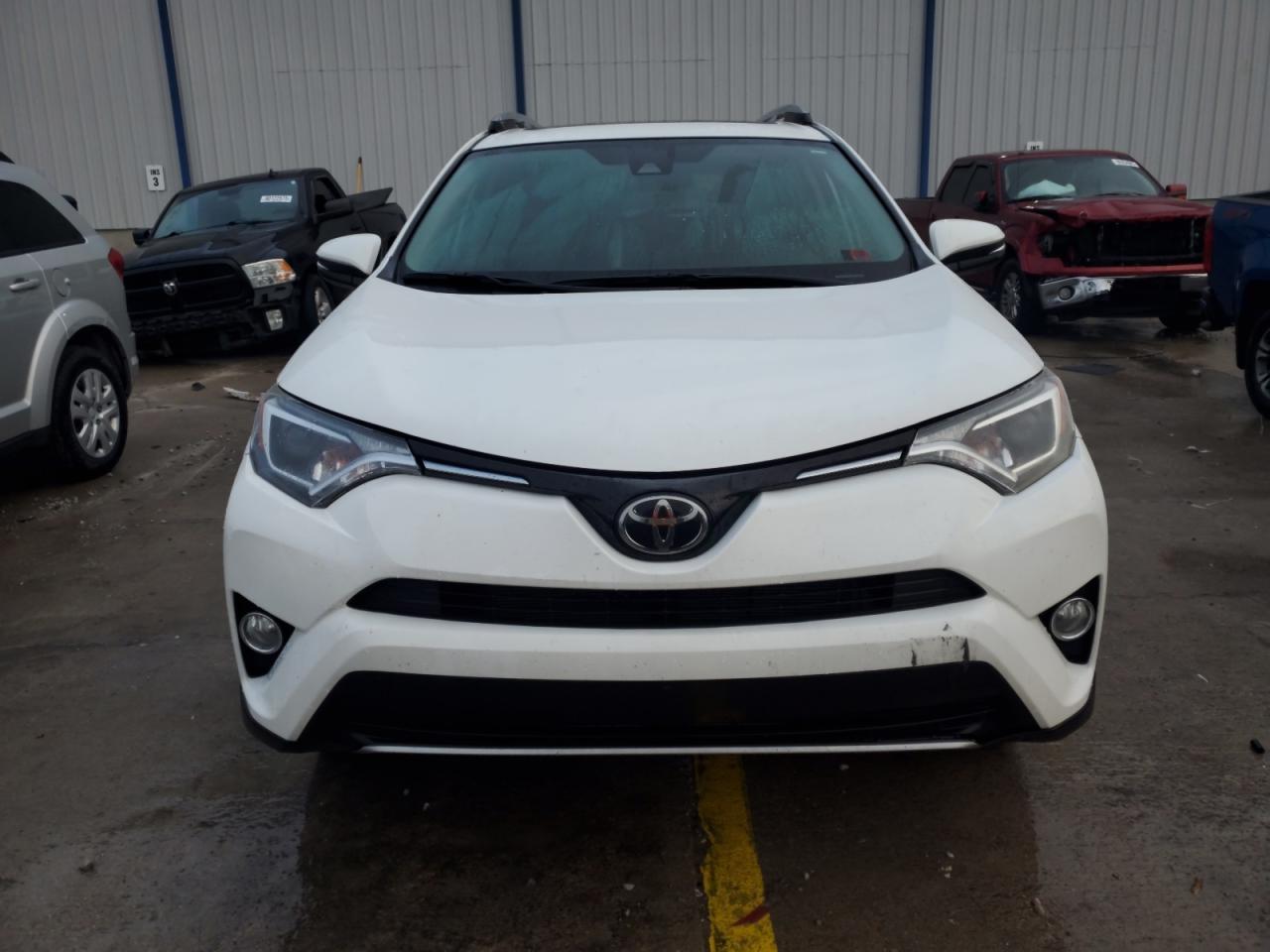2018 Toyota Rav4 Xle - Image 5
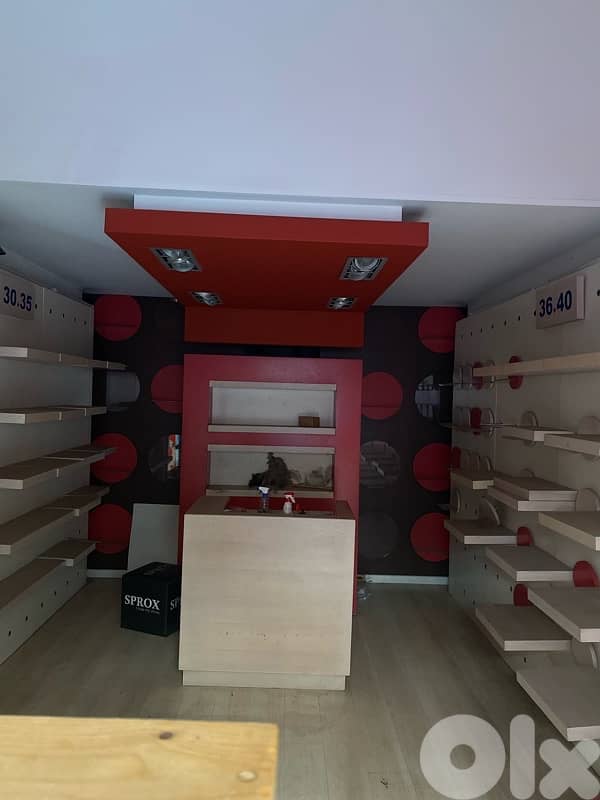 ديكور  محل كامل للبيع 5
==============================
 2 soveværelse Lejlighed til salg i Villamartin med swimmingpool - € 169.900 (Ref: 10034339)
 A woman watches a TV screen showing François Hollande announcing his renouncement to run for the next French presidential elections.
==============================
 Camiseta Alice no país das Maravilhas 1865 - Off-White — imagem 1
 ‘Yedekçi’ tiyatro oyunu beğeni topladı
==============================
:: Prompt ::
Return only the lines between the one holding "Camiseta Alice no" and the one holding "oyunu beğeni topladı", inclusive, exactly as they appear above.

:: Written reply ::
 Camiseta Alice no país das Maravilhas 1865 - Off-White — imagem 1
 ‘Yedekçi’ tiyatro oyunu beğeni topladı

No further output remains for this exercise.